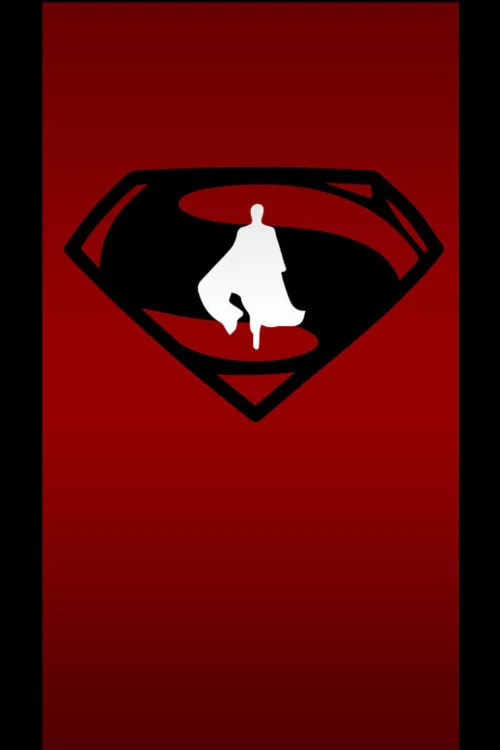 SUPERMAN: NASCENT NATION official trailer poster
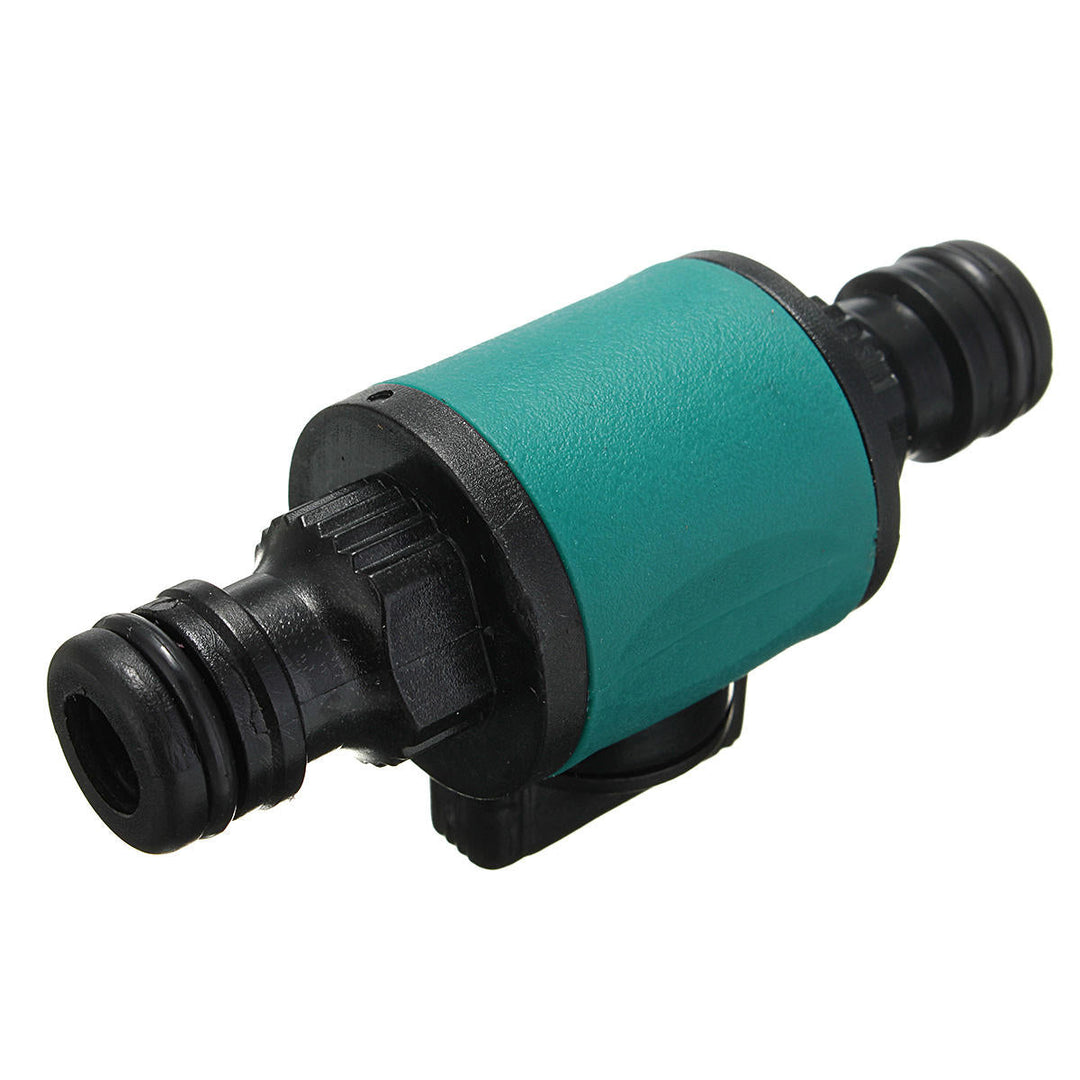 Garden Hose Tap Pipe Compatible 1,2 2-Way Connector Valve Convertor Fitting Adapter Tool Image 4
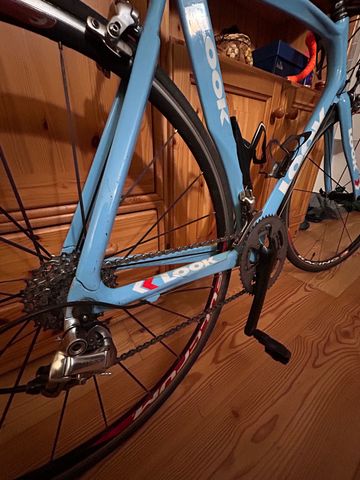 Brugt LOOK KG 486 2011 Road & Gravel — billede 3 af 6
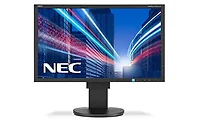 SHARP NEC-EA244UHD-BK-SV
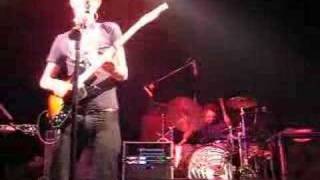 Athlete - Yesterday Threw Everything At Me, Live in Valencia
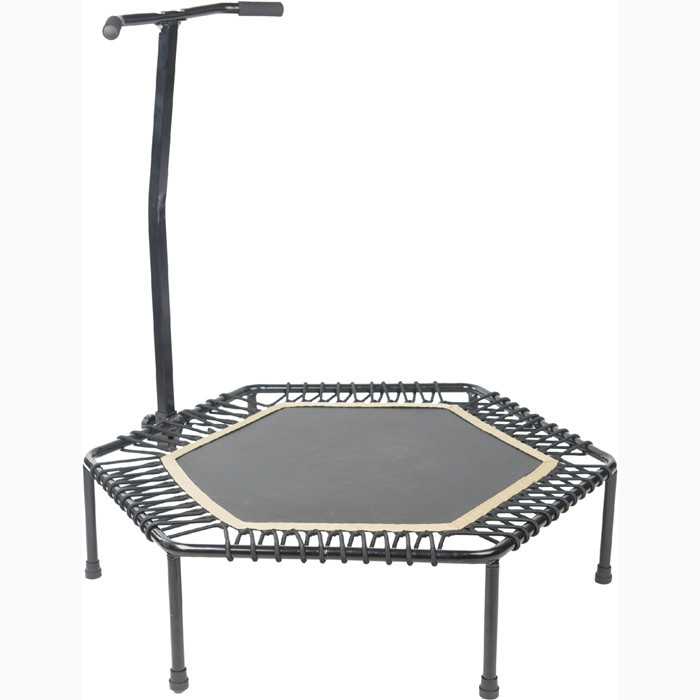 

Батут для фитнеса с ручкой d=101 см IronMaster IRTP06-40B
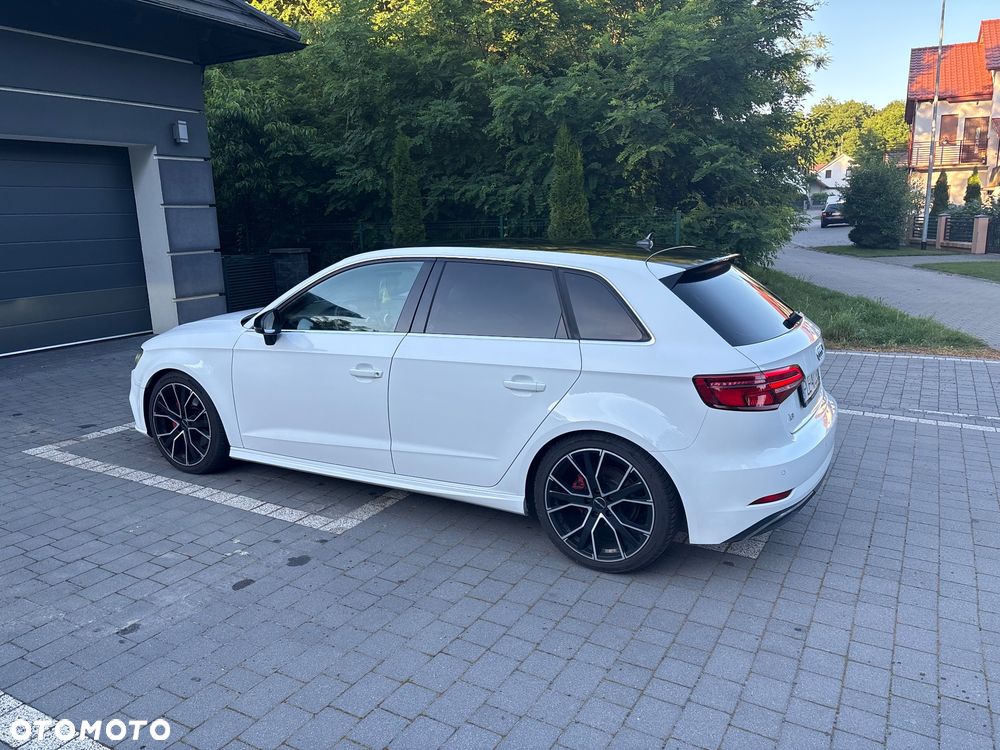 Audi A3 Sportback - 8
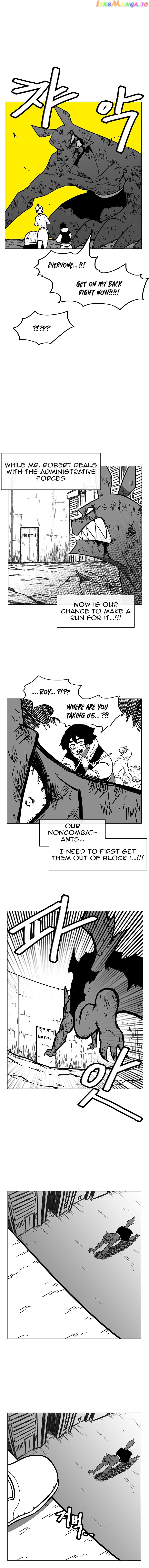 Burning Effect chapter 103 - page 13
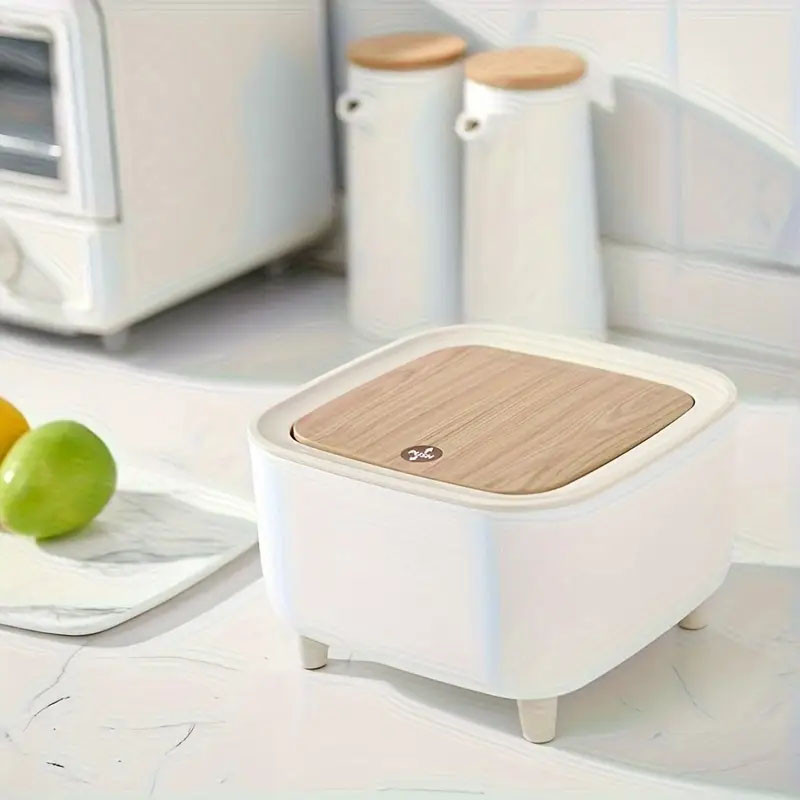 سطل زباله رومیزی مدل VT-4293 گنجایش 2 لیتر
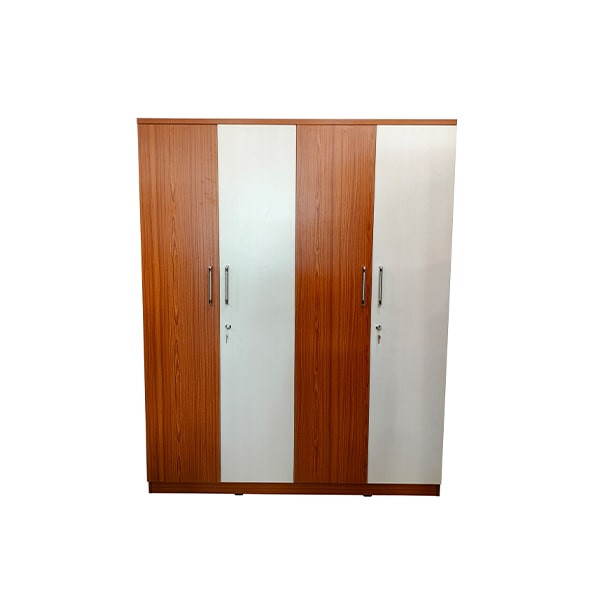 VK Deluxe 4 Door  Wardrobe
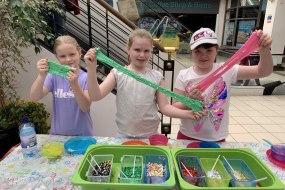 Funky Fun Ltd Sweet and Candy Cart Hire Profile 1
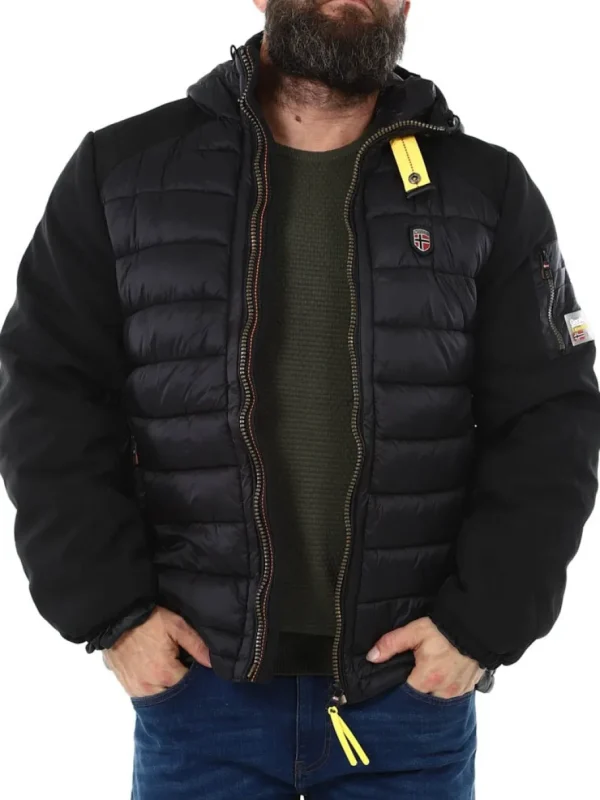 Abator Geo Norway Jakke - Sort^Geographical Norway Best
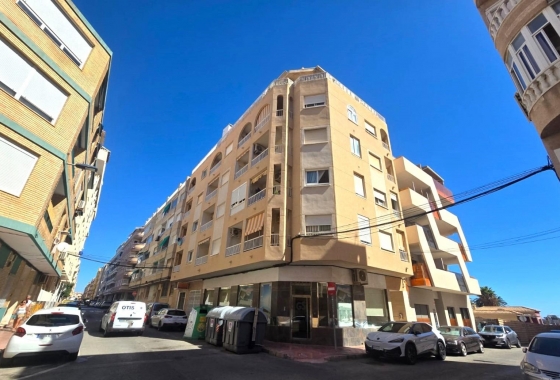 Wiederverkauf - Wohnung - Torrevieja - Playa del Cura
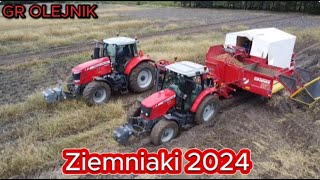 Ziemniaki 2024 I GR OLEJNIK I Blotny massey [upl. by Barina862]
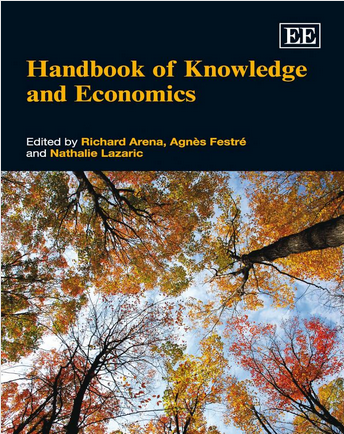 Handbook of Knowledge and Economics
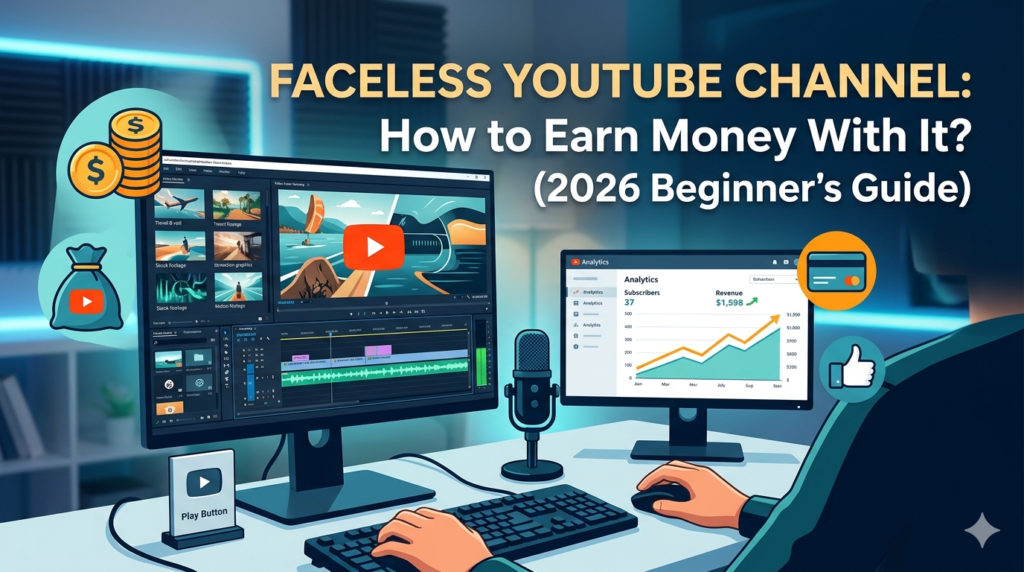 yt faceless channel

-=-=-

Quote the lines above exactly, starting with the one that has "VK Deluxe 4" and ending with the one that has "Handbook of Knowledge and Economics"; drop the pictures and include nothing else.

Task solution.
 VK Deluxe 4 Door  Wardrobe
 Funky Fun Ltd Sweet and Candy Cart Hire Profile 1
 Abator Geo Norway Jakke - Sort^Geographical Norway Best
 Wiederverkauf - Wohnung - Torrevieja - Playa del Cura
 Ziemniaki 2024 I GR OLEJNIK I Blotny massey [upl. by Barina862]
 Handbook of Knowledge and Economics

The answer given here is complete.